Voglio ricordare anche un altro meccanismo – potenzialmente complementare, anche se meno importante e più ambiguo del primo – per effetto del quale la crescita può sviluppare una riduzione delle disuguaglianze, o quantomeno un rinnovamento più rapido delle élite. Quando la crescita è nulla, o molto debole, le diverse funzioni economiche e sociali, nonché i vari tipi di attività professionali, si riproducono in modo quasi identico da una generazione all’altra. Una crescita continua, anche solo dello 0,5%, dell’1% o dell’1,5% annuo, significa invece che a ogni nuova generazione si creano, in permanenza, nuove funzioni socioeconomiche, che si rendono necessarie nuove competenze. È sufficiente che interessi e capacità umane si trasmettano anche solo in parte da una generazione all’altra – o quantomeno in modo meno automatico e meccanico rispetto alla trasmissione ereditaria del capitale terriero, immobiliare o finanziario – perché la crescita possa favorire l’ascesa sociale di persone i cui genitori non hanno mai fatto parte dell’élite. Questo possibile aumento della mobilità sociale non implica necessariamente una diminuzione delle disuguaglianze di reddito, però limita in linea di principio la riproduzione e la moltiplicazione nel tempo delle disuguaglianze patrimoniali, dunque in certa misura l’ampiezza a lungo termine delle disuguaglianze di reddito.

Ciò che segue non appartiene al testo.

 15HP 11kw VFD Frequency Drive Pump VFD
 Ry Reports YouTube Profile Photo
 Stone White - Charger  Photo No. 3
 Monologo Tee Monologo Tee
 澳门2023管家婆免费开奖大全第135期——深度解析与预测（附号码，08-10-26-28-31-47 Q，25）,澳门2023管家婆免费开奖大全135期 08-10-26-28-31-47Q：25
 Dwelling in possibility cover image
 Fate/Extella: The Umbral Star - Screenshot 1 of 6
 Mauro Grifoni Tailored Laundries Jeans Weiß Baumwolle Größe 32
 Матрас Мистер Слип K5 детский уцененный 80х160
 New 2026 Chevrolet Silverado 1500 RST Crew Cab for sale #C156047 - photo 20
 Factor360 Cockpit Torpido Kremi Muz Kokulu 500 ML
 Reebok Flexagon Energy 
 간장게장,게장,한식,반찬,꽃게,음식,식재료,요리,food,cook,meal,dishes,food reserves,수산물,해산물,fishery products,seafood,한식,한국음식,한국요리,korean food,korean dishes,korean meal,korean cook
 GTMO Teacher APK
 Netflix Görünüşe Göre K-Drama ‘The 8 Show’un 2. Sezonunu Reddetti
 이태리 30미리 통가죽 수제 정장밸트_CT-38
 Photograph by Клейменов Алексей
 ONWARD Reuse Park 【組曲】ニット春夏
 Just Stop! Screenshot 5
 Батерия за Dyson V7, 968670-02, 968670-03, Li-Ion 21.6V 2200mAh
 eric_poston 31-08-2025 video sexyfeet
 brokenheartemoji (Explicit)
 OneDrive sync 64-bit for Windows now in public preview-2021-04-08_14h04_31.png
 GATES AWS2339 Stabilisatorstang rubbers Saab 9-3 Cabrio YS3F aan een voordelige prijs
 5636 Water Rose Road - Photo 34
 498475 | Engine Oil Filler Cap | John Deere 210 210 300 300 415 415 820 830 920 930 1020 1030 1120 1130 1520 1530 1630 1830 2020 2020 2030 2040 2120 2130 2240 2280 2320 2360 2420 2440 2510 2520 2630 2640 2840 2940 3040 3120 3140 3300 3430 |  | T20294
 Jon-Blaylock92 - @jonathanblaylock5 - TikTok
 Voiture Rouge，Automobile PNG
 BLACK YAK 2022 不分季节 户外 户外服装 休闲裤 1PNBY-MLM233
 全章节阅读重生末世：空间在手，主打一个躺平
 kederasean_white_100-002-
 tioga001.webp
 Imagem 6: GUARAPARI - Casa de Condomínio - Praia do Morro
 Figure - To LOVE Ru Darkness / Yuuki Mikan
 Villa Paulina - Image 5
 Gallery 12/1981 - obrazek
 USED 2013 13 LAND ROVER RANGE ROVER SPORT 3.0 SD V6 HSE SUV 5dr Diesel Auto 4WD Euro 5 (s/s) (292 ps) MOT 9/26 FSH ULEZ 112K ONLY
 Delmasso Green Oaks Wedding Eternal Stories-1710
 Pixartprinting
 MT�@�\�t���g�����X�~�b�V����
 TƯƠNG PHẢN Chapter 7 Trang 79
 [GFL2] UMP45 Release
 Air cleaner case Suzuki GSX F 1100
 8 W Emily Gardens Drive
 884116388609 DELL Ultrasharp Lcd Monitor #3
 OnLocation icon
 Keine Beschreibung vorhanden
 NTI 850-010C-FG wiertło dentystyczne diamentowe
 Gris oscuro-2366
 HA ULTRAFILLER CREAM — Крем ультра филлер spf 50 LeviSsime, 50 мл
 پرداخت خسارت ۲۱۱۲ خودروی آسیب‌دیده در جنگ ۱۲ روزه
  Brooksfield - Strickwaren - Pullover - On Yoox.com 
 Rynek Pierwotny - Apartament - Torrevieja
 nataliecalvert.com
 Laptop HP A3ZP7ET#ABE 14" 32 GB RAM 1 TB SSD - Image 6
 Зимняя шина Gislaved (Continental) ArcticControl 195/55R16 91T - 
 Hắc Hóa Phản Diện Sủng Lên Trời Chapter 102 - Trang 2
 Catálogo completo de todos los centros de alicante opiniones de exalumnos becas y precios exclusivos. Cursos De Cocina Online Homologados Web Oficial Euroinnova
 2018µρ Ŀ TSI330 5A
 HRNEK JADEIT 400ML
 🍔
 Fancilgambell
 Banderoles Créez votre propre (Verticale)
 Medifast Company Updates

Dobbiamo comunque diffidare dell’idea – quasi un luogo comune – secondo cui la crescita moderna agirebbe da infallibile rivelatore di talenti e di attitudini individuali. È un argomento che ha una parte di verità, ma che dall’inizio del XIX secolo viene fin troppo utilizzato per giustificare qualsiasi tipo di disuguaglianza, quale ne sia l’ampiezza e l’origine, e per attribuire le più eccelse virtù ai dominatori del nuovo sistema industriale. Charles Dunoyer, economista liberale e prefetto del regno durante la Monarchia di luglio, ebbe occasione di scrivere, in un libro del 1845 intitolato De la liberté du travail (nel quale si oppone naturalmente a ogni legislazione sociale vincolante): “L’effetto del sistema industriale è distruggere le disuguaglianze fittizie; ma per far emergere meglio le disuguaglianze naturali.” Per Dunoyer, le disuguaglianze naturali comprendono le differenti capacità fisiche, intellettuali e morali, e si annidano in quella nuova economia della crescita e dell’innovazione che l’economista vede un po’ ovunque attorno a sé, e che gli fa rifiutare qualsiasi intervento dello Stato: “Le eccellenze sono la fonte di quanto vi sia di più grande e di più utile. Riducete tutto all’uguaglianza e ridurrete tutto all’inazione.”8 In questi primi anni del XXI secolo abbiamo sentito a volte circolare un’idea analoga, secondo la quale la nuova economia dell’informazione permetterebbe ai più talentuosi di moltiplicare la loro produttività. Ma è giocoforza constatare che un argomento del genere viene sovente utilizzato per legittimare disuguaglianze anche estreme e per difendere situazioni di privilegio, senza una grande considerazione per i non privilegiati, e nemmeno per i fatti, e senza realmente cercare di verificare se il principio – un principio di comodo – consenta o meno di spiegare i progressi osservati. Torneremo sull’argomento più avanti.